Monday, April 10, 2017


An ultra conservative is elected as the French president, giving rise to riots in Paris. A gang of Arab Muslims that include Tom, Alex, Farid, Sami, and Yasmine steal money to escape the regime, but Sami is shot. They split up, hoping to meet up in a remote location later on. Yasmine takes her injured brother to the hospital with Alex, where he dies and she escapes the authorities. Tom and Farid with the money go to an in run by a strange family near the border. The people are welcoming in an uncomfortable way and something is deeply wring. They have no idea the inn contains horrors that they never imagined.

I watched Frontier(s) years ago and felt underwhelmed maybe because of its similarities to other films. However, upon rewatching, it's a powerful, intense film that's part Hostel, part Texas Chainsaw Massacre and pushes it further than either of those films. The film starts with the riots in Paris, establishing the city as dangerous. The drama within the Muslim gang is quickly revealed as Yasmine is pregnant with Alex's child and thinking of having an abortion because they aren't together anymore. Yasmine and Sami are the most likeable of the entire group, which makes it all the more tragic that Sami dies at the hospital. I was completely outraged when the hospital staff opted to notify the authorities of possible criminals rather than helping the man bleeding out. This shows how the world won't help them due to some brand of bigotry because there was no indication that they committed any crimes beyond the color of their skin. The imperative of the hospital to help people is secondary to that bigotry. Alex and Yasmine have no time to mourn Sami before they are forced to flee and meet their friends at a remote inn.

This brings us to the Hostel segment of the film where Tom and Farid arrive at the inn, greeted by Gilberte and Klaudia. The women offer them rooms free of charge and seduce them. Tom is completely into their offer, but is also quick to insult them when they reject sexual advances later. Farid rejects them at first, but then ends up videotaping their encounter. Like Hostel, the seduction proves to be a way of luring and distracting the men for more nefarious purposes. Through all of their seduction, it's pretty clear that Klaudia and Gilberte feel scorn at best or hate at worst for them.Then all of them plus the women's brother Goetz and their mother have the most awkward family dinner ever. Farid and Tom FINALLY get the hint that they are in danger, but their escape foiled by Goetz who runs their car off a cliff. They survive, but they wander into a mine shaft full of horrors. Meanwhile, Yasmine and Alex arrive at the inn, but aren't as easy to seduce or as gullible as their friends.

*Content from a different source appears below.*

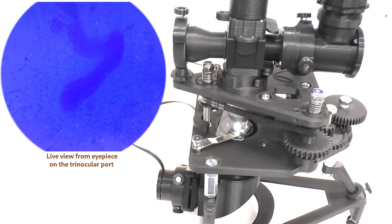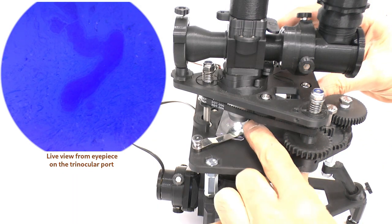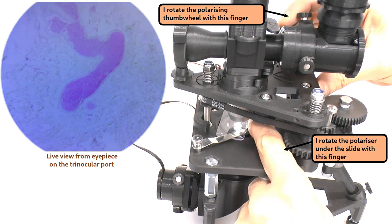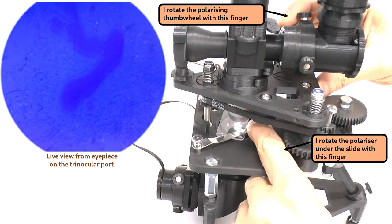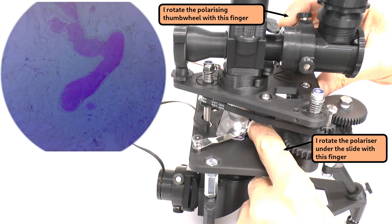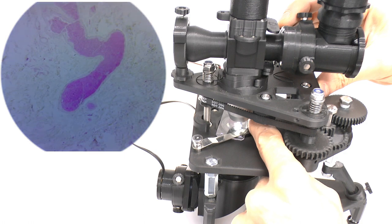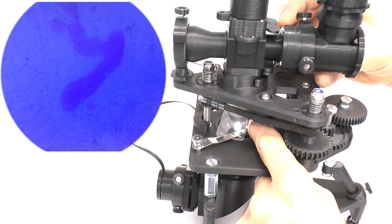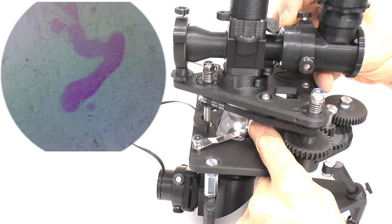Nevertheless it will be partially polarized and so can be partially attenuated using a polarizing filter. In this demo I use a rotating polarizer that fits on top of the condenser, and in this situation the rotatable polarizing thumb wheel of the trinocular port acts as an analyzer. Although extinction will occur whenever these two polarizers are at 90 degrees to each other, the Brewster effect at the beam splitter means that extinction will only be partial for most starting angles of the polarizer.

Yasmine is eventually captured by the family who are revealed to be Nazis. Their patriarch, von Geisler, stayed in France after World War II and created his twisted family by capturing children and having his own children to raise as Nazis and to carry on luring and killing people for their possessions and for their meat. He decides to use Yasmine to save them from inbreeding, as many mutated products of it live in the mine shaft. He isn't bothered that she is already pregnant and plans to force her to wed his son Karl who will eventually take his place as patriarch. This neo-Nazi family is the product of France's complicity in their occupation during World War II. Some resisted, but others gladly participated. The focus on moving forward afterwards led to the nation refusing to acknowledge the atrocities committed on French soil. In the present day of the film and of real life France, this also led to conservative, racist ideals to fester over time, leading to the election of President Sarkozy and the horrible treatment of immigrants, especially of Muslims. The Geisler's aren't shown to be odd outliers, but a product of ignored French history left to develop in a remote part of the country.

The Geisler family isn't completely devoid of good people. The most sympathetic member is Eva, a child-like woman underestimated by her family. As a child, she was kidnapped and told that she might be returned to her family if she was obediant. Her own children are the monstrous mutants in the mine shaft, but she loves and cares for them as she would any other child. Her kindness sets her apart from her family even though she is complicit in their crimes. Yasmine and Eva reflect each other in a way, as pregnant mothers doing their best in the midst of criminals and being criminals themselves. Both go to extraordinary lengths for their children even in the face of great opposition and they help each other. As von Geisler resolves to teach Yasmine's child to hate its own history and people (echoing Sarkozy's recent comments of immigrants rejecting their own culture to become truly French), she resolves to make her baby safe and allow her child freedom in the face of a toxic society. It's clear right from the beginning with her treatment at the hospital that if she does return to conventional society, her treatment would not be much better.

Fronter(s) does have familiar elements seen in other films, but the basis in French history and society plus additional elements such as Eva sets it well apart from American horror films. It's a particularly brutal film in the New French Extremity movement and one of the best in my opinion. Alexandra West's book on the subject was instrumental for me to gain historical and social context for this films and others in the movement. French history is much more tumultuous, dark, and bloody than a lot of media will have you believe and it's fascinating that the horror genre is the one to show that dark underbelly.